Some 8.5 million people lived in London itself, spread over 600 square miles. Within 25 miles of the center, Charing Cross, lived more than 10 million. Within the commuting area, called the Home Counties—60 to 90 minutes by rail—lived perhaps another 2–3 million people.
In land area, London was bigger than New York and Berlin combined. The dense ‘inner London’ of 117 square miles was home to 4.5 million people.
London was a gritty northern city, known for its smog, fog and mists; its confusing jumble of streets with changing names. It had a certain grandeur, exemplified by massive buildings interspersed with charming Christopher Wren churches; crescent streets, gleaming white terraces, and palaces guarded by tall men in bearskin hats.
The vast East End was poor and cockney; the West End, ritzy and purveyor of the good life. In the middle was the City, the financial district, with its buttoned-down bankers in bowlers and sporting tightly-rolled brollies—umbrellas.

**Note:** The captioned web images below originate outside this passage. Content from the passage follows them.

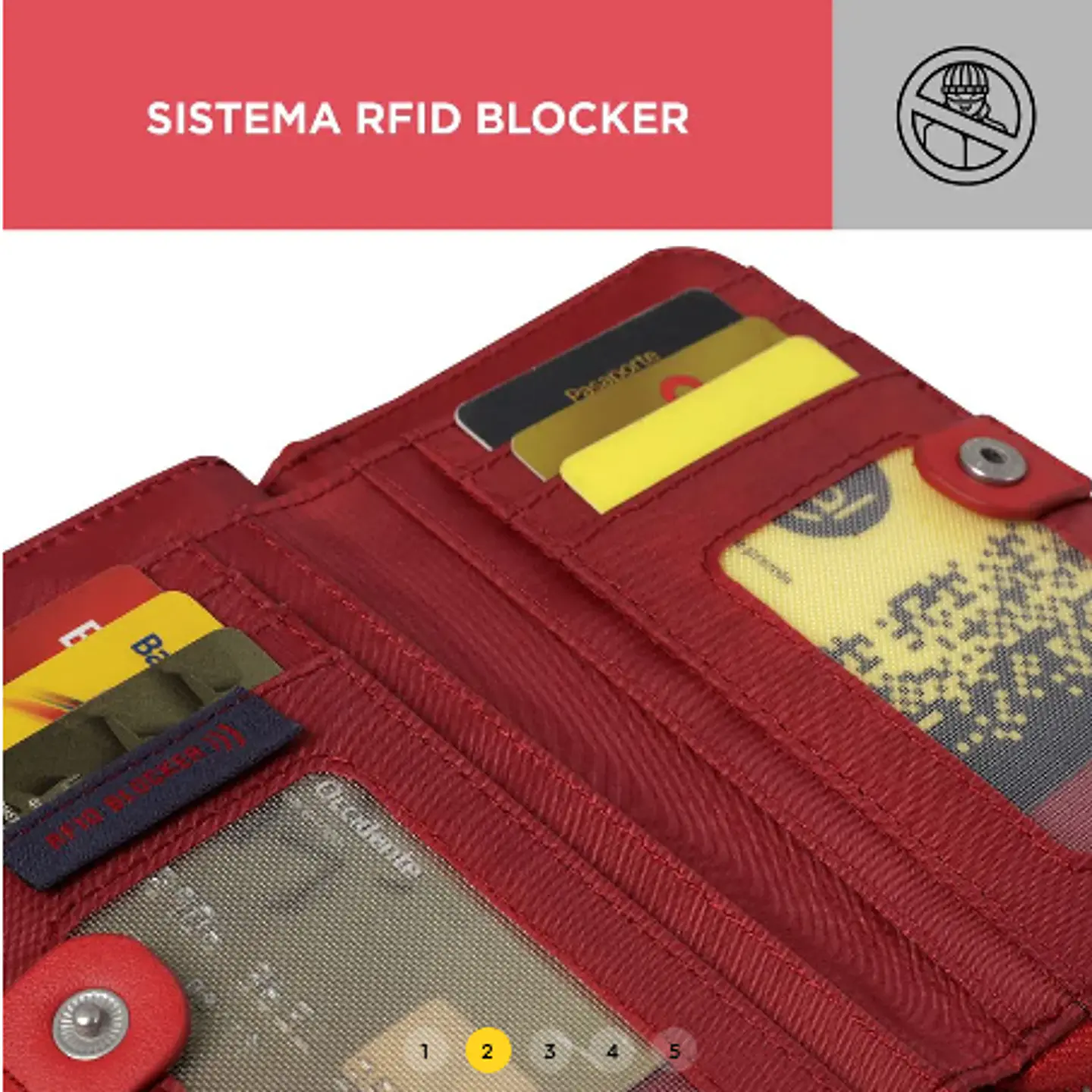 Billetera Pu Leather Rfid Sepia 10
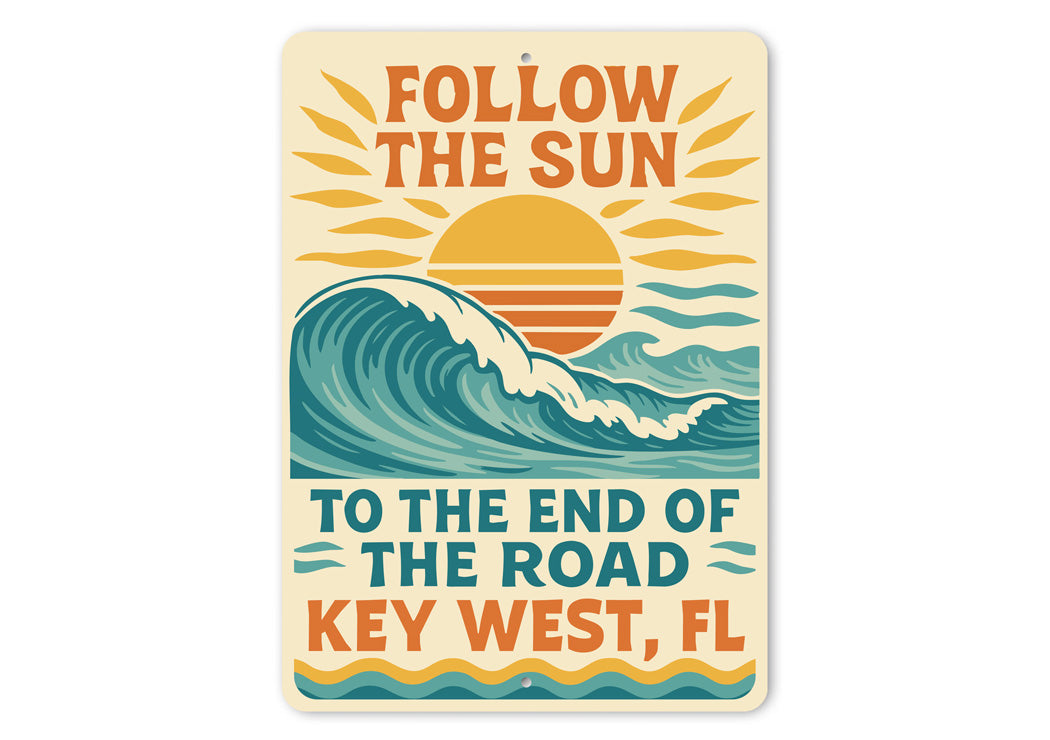 Keywest Follow The Sun Retro Surf Poster Sign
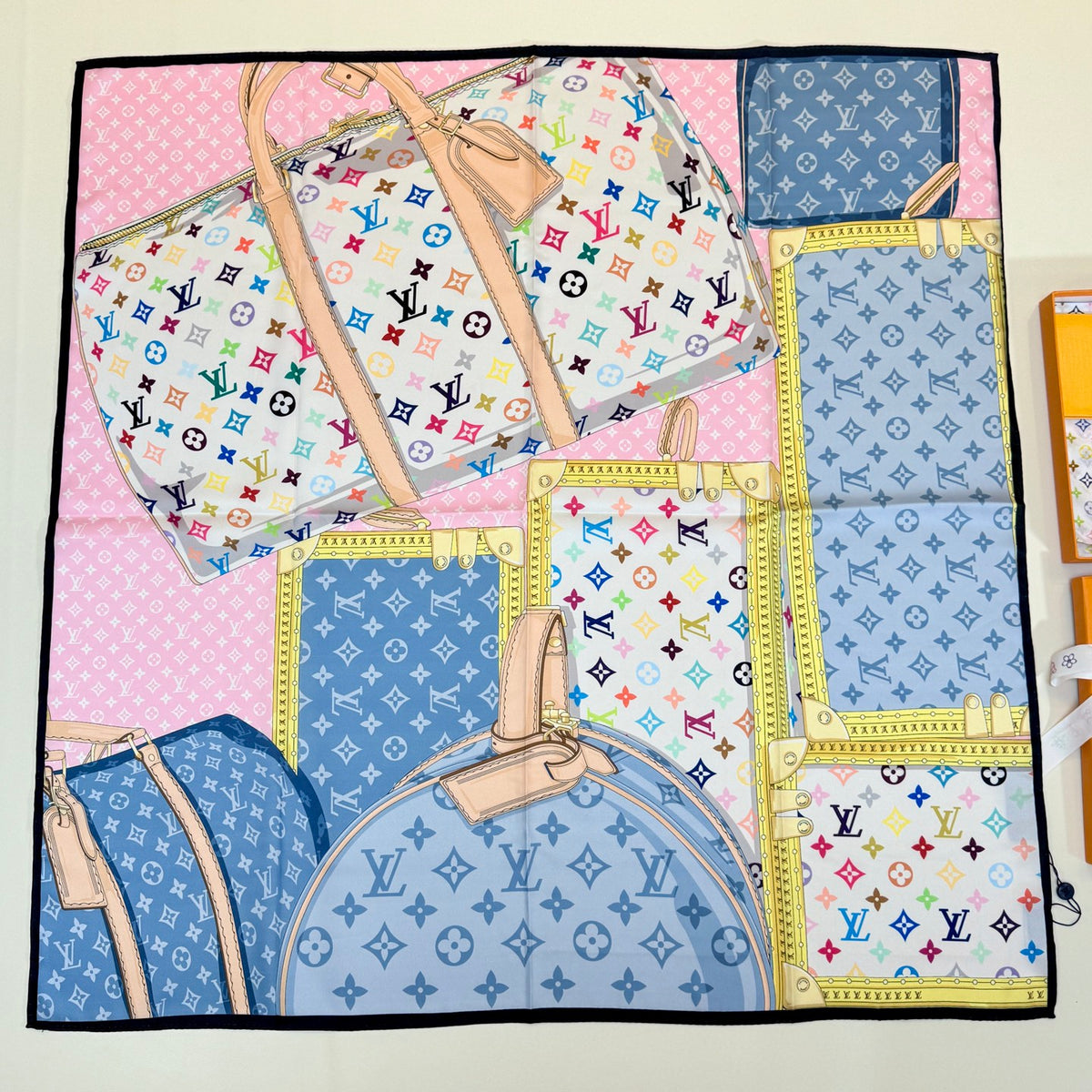 Contrast Border Floral Monogram Square Scarf - 90 x 90 cm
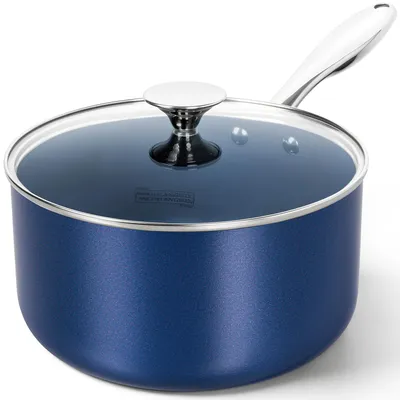Productafbeelding van MICHELANGELO Steelpan, 3,8 liter, keramische antiaanbaklaag, blauw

There were many Londons and everyone knew it in a different way. Low and nasty, haughty and aloof. In Bleak House , Charles Dickens saw ‘Much mud in the streets… Fog everywhere… And hard by Temple Bar, in Lincoln’s Inn Hall, at the very heart of the fog, sits the Lord High Chancellor in his High Court of Chancery.’
The poet A. E. Housman saw a heartless city through the eyes of a country lad, where the people are:
Too unhappy to be kind.
Undone with misery, all they can
Is to hate their fellow man;
To the romantic Wordsworth, it was a magical city where:
Ships, towers, domes, theaters, and temples lie
Open unto the fields, and to the sky;
All bright and glittering in smokeless air.
London was black cabs and nannies pushing prams. It was the private clubs of ‘The Establishment’, the movers, and shakers. It was the center of live theater; it was the media center, with huge-circulation newspapers lining Fleet Street. It was a moviemaking center, with 11 active film studios. It was the home of a generally competent and professional Civil Service. Parliament and the Prime Minister made it the political center.
It was not an ethnic city. It was peopled with Englishmen, with communities of Welsh, Scots, and the Irish. That was about to change as thousands of folks from conquered Europe flowed in; Poles, French, Czechs, Dutch, even some Germans and Austrians.